[Web page caption snippets]
---

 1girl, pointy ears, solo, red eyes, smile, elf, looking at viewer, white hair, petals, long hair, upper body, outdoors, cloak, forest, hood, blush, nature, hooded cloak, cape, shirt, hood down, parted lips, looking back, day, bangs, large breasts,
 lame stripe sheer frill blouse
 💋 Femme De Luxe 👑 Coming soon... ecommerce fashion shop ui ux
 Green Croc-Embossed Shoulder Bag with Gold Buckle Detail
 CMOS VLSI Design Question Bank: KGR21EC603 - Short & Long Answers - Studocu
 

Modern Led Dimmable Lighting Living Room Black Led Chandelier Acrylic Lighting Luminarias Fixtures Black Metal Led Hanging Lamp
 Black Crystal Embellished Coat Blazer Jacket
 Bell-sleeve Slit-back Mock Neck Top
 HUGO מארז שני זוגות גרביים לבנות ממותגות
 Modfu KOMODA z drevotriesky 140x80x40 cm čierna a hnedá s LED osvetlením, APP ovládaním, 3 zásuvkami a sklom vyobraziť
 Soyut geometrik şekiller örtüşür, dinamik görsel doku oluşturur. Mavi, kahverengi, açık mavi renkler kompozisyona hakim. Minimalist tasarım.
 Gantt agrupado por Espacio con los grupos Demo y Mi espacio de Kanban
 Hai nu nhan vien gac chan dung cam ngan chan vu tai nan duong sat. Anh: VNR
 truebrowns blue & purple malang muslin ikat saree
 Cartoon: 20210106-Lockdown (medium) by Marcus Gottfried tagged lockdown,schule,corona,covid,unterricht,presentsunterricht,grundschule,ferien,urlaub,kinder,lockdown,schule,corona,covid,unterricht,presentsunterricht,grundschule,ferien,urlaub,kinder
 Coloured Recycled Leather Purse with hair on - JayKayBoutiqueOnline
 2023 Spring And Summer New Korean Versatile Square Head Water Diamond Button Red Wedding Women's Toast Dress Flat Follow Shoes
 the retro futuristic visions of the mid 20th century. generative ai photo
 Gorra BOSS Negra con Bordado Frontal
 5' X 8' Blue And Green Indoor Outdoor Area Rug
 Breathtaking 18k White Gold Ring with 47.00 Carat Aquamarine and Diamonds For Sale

---

* TASK REQUIREMENTS: Each entry, exactly as written, should be set down once more.

* SOLUTION FOR THIS EXERCISE:
 1girl, pointy ears, solo, red eyes, smile, elf, looking at viewer, white hair, petals, long hair, upper body, outdoors, cloak, forest, hood, blush, nature, hooded cloak, cape, shirt, hood down, parted lips, looking back, day, bangs, large breasts,
 lame stripe sheer frill blouse
 💋 Femme De Luxe 👑 Coming soon... ecommerce fashion shop ui ux
 Green Croc-Embossed Shoulder Bag with Gold Buckle Detail
 CMOS VLSI Design Question Bank: KGR21EC603 - Short & Long Answers - Studocu
 

Modern Led Dimmable Lighting Living Room Black Led Chandelier Acrylic Lighting Luminarias Fixtures Black Metal Led Hanging Lamp
 Black Crystal Embellished Coat Blazer Jacket
 Bell-sleeve Slit-back Mock Neck Top
 HUGO מארז שני זוגות גרביים לבנות ממותגות
 Modfu KOMODA z drevotriesky 140x80x40 cm čierna a hnedá s LED osvetlením, APP ovládaním, 3 zásuvkami a sklom vyobraziť
 Soyut geometrik şekiller örtüşür, dinamik görsel doku oluşturur. Mavi, kahverengi, açık mavi renkler kompozisyona hakim. Minimalist tasarım.
 Gantt agrupado por Espacio con los grupos Demo y Mi espacio de Kanban
 Hai nu nhan vien gac chan dung cam ngan chan vu tai nan duong sat. Anh: VNR
 truebrowns blue & purple malang muslin ikat saree
 Cartoon: 20210106-Lockdown (medium) by Marcus Gottfried tagged lockdown,schule,corona,covid,unterricht,presentsunterricht,grundschule,ferien,urlaub,kinder,lockdown,schule,corona,covid,unterricht,presentsunterricht,grundschule,ferien,urlaub,kinder
 Coloured Recycled Leather Purse with hair on - JayKayBoutiqueOnline
 2023 Spring And Summer New Korean Versatile Square Head Water Diamond Button Red Wedding Women's Toast Dress Flat Follow Shoes
 the retro futuristic visions of the mid 20th century. generative ai photo
 Gorra BOSS Negra con Bordado Frontal
 5' X 8' Blue And Green Indoor Outdoor Area Rug
 Breathtaking 18k White Gold Ring with 47.00 Carat Aquamarine and Diamonds For Sale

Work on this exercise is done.